Job Description
Job Title:  Research Officer, Computational Biology (GIS)
Requisition ID:  2872
Posting Start Date:  17/07/2026

Description

About the Job

ATOMIC is a new generation of AI-enabled biological discovery platforms. The goal is to connect experimental data generation, automation, computational analysis, and human expertise into a practical “lab-in-a-loop” system that can accelerate how we design, analyse, and learn from biological experiments.

 

A major bottleneck in AI-driven biomedical research, including drug development programs, is the lack of high-quality, scalable, and biologically validated data. ATOMIC aims to address this by generating and analysing large-scale omics datasets, including perturbation, transcriptomic, and single-cell datasets, to better understand biological mechanisms, drug resistance, toxicity, and disease-relevant cellular states.

 

We are looking for a motivated Computational Biology Research Associate (RA) to support the computational analysis and interpretation of biological datasets as part of this effort. The role is well suited for someone interested in applying bioinformatics, data science, and AI/Agentic methods to real-world biomedical research questions.

Job Description

This role requires an individual interested in applying computational and AI methods to biological data analysis. The RA will support the analysis and interpretation of large-scale biological datasets, including bulk and single-cell transcriptomics, with a focus on understanding biological mechanisms and generating hypotheses from omics data.

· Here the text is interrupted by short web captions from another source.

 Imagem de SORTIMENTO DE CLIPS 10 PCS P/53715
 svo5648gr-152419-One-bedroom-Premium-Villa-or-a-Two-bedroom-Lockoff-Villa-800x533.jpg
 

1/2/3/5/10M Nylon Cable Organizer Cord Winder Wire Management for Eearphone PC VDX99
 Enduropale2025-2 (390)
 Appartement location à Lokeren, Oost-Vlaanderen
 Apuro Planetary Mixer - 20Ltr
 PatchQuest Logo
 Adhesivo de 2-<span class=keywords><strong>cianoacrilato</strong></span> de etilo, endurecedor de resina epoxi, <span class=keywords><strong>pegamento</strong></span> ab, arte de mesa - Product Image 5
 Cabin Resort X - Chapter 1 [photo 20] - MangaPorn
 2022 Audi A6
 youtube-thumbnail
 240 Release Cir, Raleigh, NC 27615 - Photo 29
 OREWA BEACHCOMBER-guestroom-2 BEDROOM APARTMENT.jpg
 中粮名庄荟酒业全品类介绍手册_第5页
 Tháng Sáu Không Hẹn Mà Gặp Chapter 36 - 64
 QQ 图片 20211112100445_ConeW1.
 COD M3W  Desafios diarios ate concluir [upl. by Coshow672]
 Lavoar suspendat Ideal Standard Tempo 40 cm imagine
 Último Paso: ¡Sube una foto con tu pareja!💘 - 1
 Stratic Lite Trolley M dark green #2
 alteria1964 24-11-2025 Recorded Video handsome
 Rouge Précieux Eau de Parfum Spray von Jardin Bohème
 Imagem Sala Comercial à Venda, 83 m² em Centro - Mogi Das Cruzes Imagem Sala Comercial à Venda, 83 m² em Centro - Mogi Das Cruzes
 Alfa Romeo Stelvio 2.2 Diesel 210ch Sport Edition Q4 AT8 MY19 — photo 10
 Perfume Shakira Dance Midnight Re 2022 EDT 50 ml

The work will involve developing, applying, and maintaining computational pipelines for bioinformatics analysis, integrating statistical methods, machine learning approaches, and biological knowledge to support discovery in biomedical research.

 

The Research Officer will be expected to:

  • Perform analysis of bulk RNA-seq and/or single-cell RNA-seq data, including quality control, normalization, clustering, differential expression analysis, and downstream biological interpretation
  • Apply computational and statistical methods to identify patterns, cell states, perturbation responses, and biological signals from high-dimensional datasets
  • Contribute to the development, testing, and maintenance of reproducible bioinformatics workflows and analysis pipelines
  • Integrate machine learning or AI-based methods to enhance data analysis, interpretation, and hypothesis generation where applicable
  • Work closely with experimental and computational team members to translate biological questions into appropriate analytical strategies
  • Assist in the evaluation and validation of computational results using real-world biological datasets
  • Document analysis steps, results, and interpretations clearly to support reproducibility and team communication
  • Contribute to the broader development of ATOMIC as an AI-enabled platform for scalable and reproducible biological discovery

 

Prior exposure to bioinformatics pipelines, transcriptomics analysis, single-cell analysis, or machine learning methods is an advantage but not required. Candidates with strong computational foundations and a willingness to learn biological applications are encouraged to apply.

Job Requirements

The applicant should have:

  • Bachelor’s or Master’s degree in Bioinformatics, Computational Biology, Computer Science, Data Science, Engineering, Statistics, Molecular Biology, or a related field
  • Strong programming skills in Python and/or R
  • Basic understanding of molecular biology, genomics, transcriptomics, or cell biology
  • Familiarity with RNA-seq, single-cell RNA-seq, or related bioinformatics workflows is preferred
  • Understanding of statistical methods and/or machine learning concepts is an advantage
  • Ability to work with large datasets and maintain organized, reproducible analysis workflows
  • Good written and verbal communication skills, with the ability to clearly document analysis results and explain findings to both computational and biological team members
  • Curiosity, attention to detail, and interest in applying computational methods to biomedical discovery

 

This position provides an opportunity to work at the interface of genomics, AI, automation, and translational biology, and to contribute to the development of a platform designed to make biological discovery more scalable, reproducible, and actionable.

The above eligibility criteria are not exhaustive. A*STAR may include additional selection criteria based on its prevailing recruitment policies. These policies may be amended from time to time without notice. We regret that only shortlisted candidates will be notified.